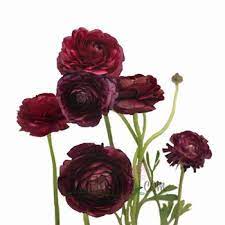 Find Mysterious And Rich Blooms At Fiftyflowers Com Burgundy Wine Ranunculus Are The Perfect Focal Flower Burgundy Flowers Ranunculus Flowers Wedding Flowers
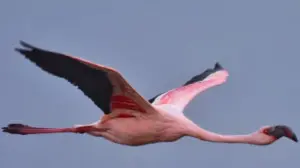 IN PHOTOS: Flamingo numbers set to rise at Thane Creek in the next two days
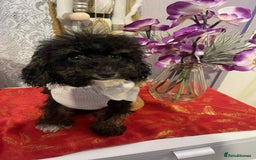 Maltipoo dogs for sale: Maltipoo babies - Advert 4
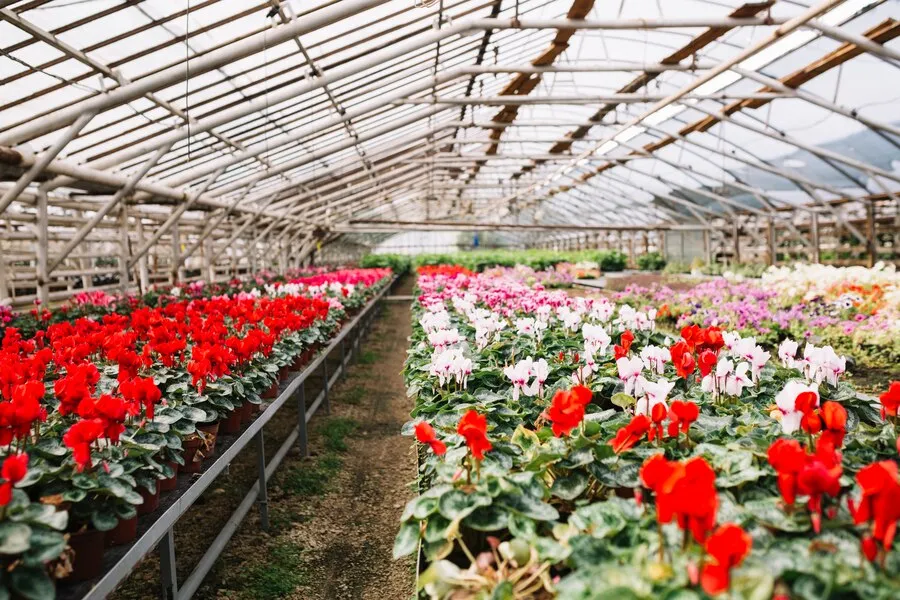 nandikoti_Flower Cold Storage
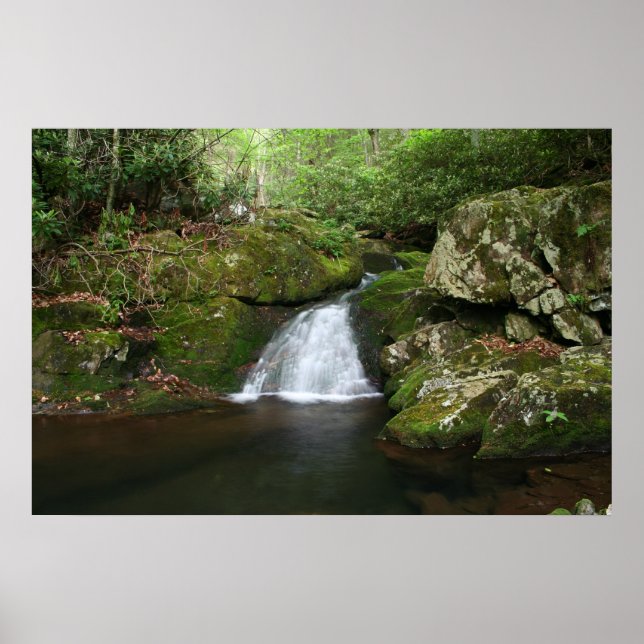 Poster du pool cool (Devant)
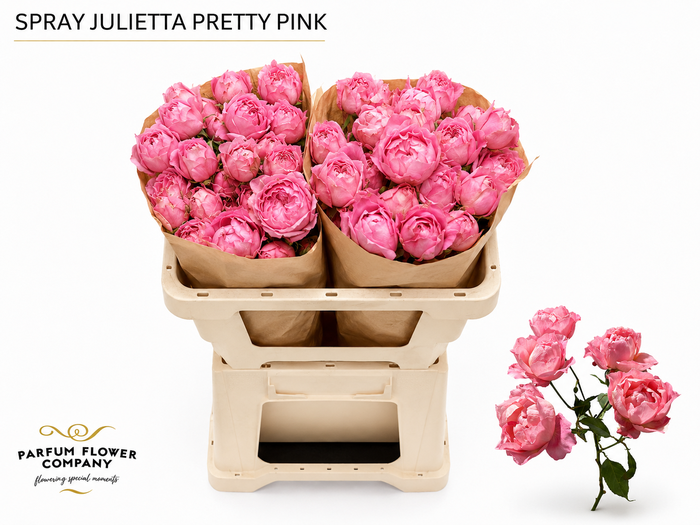 <h4>Rosa Spray Garden Julietta Pretty Pink</h4>
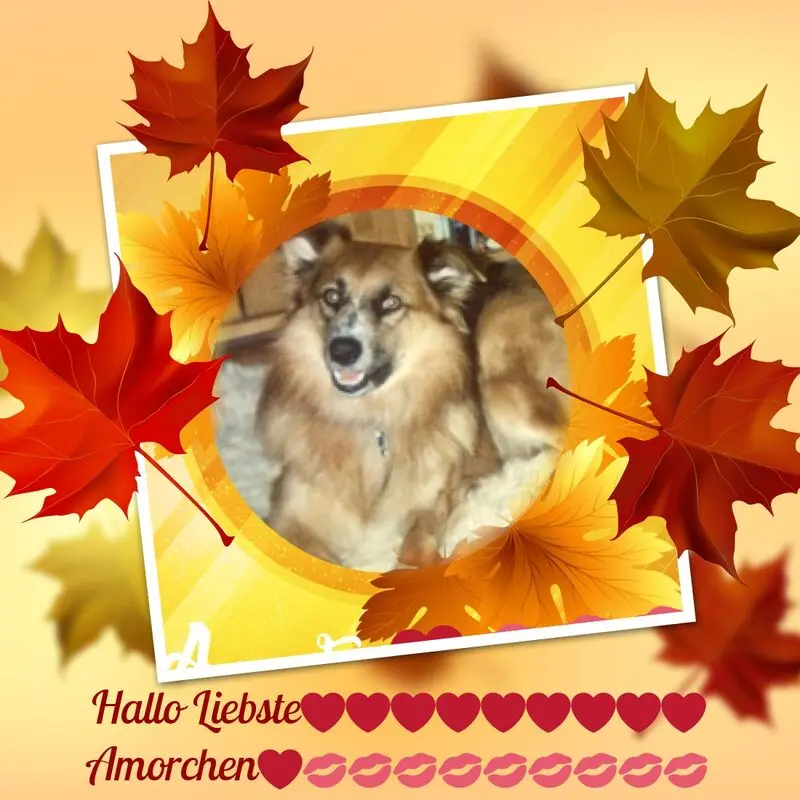 Condolence image of Sonntags❤️Rosen❤️❤️❤️❤️❤️❤️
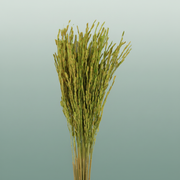 Dried Rice Oryza Green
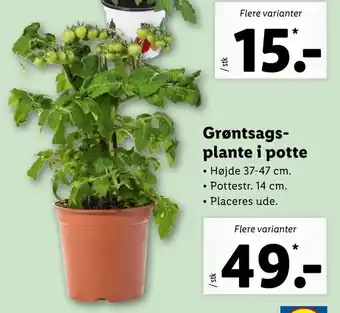 Grøntsagsplante i potte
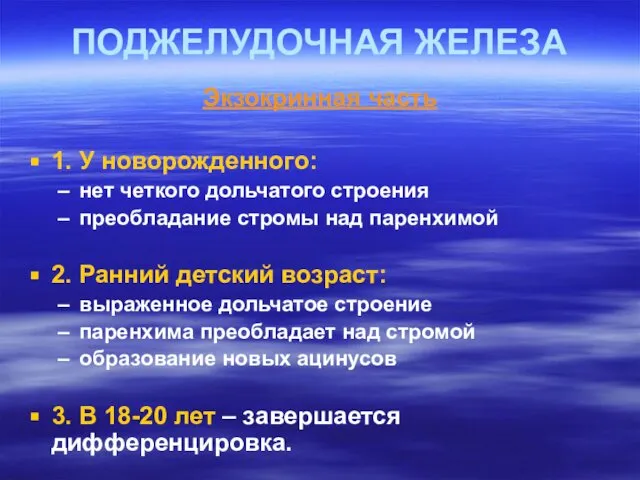 ПОДЖЕЛУДОЧНАЯ ЖЕЛЕЗА Экзокринная часть 1. У новорожденного: нет четкого дольчатого строения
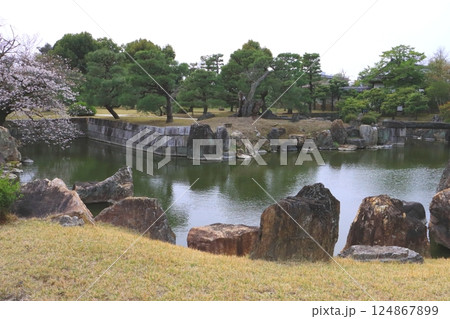 二の丸庭園(特別名勝・二条城・京都市) 二の丸庭園(特別名勝・二条城・京都市) 124867899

• **TASK DESCRIPTION**
Omit every picture, then reproduce the rest of the listing exactly.

• **EXERCISE RESPONSE**
 Find Mysterious And Rich Blooms At Fiftyflowers Com Burgundy Wine Ranunculus Are The Perfect Focal Flower Burgundy Flowers Ranunculus Flowers Wedding Flowers
 IN PHOTOS: Flamingo numbers set to rise at Thane Creek in the next two days
 Maltipoo dogs for sale: Maltipoo babies - Advert 4
 nandikoti_Flower Cold Storage
 Poster du pool cool (Devant)
 <h4>Rosa Spray Garden Julietta Pretty Pink</h4>
 Condolence image of Sonntags❤️Rosen❤️❤️❤️❤️❤️❤️
 Dried Rice Oryza Green
 Grøntsagsplante i potte
 ПОДЖЕЛУДОЧНАЯ ЖЕЛЕЗА Экзокринная часть 1. У новорожденного: нет четкого дольчатого строения
 二の丸庭園(特別名勝・二条城・京都市) 二の丸庭園(特別名勝・二条城・京都市) 124867899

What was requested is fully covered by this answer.